*** Opening Records supplied ***

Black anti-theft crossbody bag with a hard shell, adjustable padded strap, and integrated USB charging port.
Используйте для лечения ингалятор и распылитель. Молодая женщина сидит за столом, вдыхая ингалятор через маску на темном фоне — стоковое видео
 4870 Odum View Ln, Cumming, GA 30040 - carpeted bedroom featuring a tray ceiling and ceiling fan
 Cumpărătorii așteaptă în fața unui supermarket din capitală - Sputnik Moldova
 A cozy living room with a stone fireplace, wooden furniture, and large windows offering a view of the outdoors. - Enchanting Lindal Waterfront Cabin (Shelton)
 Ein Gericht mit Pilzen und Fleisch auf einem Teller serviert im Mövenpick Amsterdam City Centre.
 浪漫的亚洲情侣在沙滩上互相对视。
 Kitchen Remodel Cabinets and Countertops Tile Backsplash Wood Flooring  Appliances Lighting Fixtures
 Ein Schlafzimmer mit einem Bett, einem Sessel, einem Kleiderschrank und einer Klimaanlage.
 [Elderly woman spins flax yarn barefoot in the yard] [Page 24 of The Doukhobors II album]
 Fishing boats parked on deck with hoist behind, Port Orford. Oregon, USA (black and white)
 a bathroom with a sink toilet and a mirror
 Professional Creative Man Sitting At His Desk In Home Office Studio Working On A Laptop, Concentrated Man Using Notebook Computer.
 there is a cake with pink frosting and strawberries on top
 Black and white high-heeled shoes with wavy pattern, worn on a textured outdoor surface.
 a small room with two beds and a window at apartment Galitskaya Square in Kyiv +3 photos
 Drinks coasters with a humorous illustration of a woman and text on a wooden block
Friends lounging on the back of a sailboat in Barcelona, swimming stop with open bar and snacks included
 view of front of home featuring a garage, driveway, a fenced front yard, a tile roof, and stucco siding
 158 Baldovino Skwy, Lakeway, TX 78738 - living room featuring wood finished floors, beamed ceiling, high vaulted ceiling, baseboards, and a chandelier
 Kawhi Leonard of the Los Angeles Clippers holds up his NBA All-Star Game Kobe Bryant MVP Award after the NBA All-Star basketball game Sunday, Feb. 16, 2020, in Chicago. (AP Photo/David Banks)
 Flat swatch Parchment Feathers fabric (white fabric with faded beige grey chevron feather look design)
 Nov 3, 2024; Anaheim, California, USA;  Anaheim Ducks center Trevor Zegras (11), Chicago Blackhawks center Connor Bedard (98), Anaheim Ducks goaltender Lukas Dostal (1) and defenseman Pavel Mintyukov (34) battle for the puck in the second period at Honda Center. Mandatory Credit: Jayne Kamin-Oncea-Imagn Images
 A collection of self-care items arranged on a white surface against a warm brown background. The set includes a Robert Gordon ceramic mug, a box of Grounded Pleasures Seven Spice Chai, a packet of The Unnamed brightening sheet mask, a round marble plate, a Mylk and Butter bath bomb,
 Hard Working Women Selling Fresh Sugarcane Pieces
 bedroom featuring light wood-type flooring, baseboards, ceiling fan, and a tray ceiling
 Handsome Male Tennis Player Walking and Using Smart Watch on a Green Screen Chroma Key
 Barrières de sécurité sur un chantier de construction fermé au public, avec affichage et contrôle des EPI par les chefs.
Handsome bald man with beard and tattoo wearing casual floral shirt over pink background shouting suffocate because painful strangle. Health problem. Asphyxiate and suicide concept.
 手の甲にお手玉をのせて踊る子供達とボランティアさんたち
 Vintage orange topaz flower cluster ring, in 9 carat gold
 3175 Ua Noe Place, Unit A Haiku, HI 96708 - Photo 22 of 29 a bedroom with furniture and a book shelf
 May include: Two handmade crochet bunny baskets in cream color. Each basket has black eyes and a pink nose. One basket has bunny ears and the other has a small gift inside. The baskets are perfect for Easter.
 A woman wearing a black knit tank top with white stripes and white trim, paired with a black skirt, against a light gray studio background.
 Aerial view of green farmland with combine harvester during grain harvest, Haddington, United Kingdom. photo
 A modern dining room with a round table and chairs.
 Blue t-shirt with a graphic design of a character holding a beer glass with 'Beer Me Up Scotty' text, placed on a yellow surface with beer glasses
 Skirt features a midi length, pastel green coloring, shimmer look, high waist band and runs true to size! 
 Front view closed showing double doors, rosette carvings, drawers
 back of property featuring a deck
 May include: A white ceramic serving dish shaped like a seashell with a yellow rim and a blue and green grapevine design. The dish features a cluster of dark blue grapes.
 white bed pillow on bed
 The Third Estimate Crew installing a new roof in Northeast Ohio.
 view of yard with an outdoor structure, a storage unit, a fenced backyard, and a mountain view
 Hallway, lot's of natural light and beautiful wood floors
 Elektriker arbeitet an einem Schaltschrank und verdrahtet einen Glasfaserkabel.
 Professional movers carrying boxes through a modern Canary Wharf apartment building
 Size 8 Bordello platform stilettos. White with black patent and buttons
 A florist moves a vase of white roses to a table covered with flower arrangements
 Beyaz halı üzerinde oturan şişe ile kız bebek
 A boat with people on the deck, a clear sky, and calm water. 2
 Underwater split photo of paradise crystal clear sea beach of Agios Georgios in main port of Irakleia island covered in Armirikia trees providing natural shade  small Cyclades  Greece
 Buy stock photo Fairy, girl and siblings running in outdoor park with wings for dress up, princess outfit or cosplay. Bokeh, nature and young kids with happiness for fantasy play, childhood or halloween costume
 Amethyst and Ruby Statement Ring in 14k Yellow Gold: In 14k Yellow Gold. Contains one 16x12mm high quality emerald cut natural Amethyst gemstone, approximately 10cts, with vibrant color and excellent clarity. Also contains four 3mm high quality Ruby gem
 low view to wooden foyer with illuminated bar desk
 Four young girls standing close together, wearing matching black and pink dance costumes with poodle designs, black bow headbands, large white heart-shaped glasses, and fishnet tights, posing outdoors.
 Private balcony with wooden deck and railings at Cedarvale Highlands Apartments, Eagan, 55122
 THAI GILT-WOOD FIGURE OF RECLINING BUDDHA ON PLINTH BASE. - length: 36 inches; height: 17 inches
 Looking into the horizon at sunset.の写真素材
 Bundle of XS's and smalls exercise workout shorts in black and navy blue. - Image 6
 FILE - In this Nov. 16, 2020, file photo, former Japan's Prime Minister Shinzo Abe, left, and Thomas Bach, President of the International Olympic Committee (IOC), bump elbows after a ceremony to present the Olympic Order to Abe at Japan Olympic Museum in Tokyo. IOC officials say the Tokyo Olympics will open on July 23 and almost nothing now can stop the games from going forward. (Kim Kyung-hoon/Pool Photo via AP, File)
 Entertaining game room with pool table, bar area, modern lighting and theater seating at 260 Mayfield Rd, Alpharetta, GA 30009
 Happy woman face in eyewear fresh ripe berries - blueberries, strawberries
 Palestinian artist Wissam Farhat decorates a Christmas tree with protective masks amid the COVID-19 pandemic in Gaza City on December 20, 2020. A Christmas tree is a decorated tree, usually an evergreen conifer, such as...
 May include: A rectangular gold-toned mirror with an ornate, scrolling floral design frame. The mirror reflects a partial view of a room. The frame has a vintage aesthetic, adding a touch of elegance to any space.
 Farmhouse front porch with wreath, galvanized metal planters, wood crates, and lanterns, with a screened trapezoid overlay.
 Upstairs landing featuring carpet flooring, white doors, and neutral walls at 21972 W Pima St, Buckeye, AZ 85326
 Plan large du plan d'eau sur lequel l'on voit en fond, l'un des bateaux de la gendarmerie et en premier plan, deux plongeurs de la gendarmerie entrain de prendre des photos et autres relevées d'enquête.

*** Closing Records supplied ***

### Exercise brief:
Return all lines above that mention the word "shirt".

### Task result:
Handsome bald man with beard and tattoo wearing casual floral shirt over pink background shouting suffocate because painful strangle. Health problem. Asphyxiate and suicide concept.
 Blue t-shirt with a graphic design of a character holding a beer glass with 'Beer Me Up Scotty' text, placed on a yellow surface with beer glasses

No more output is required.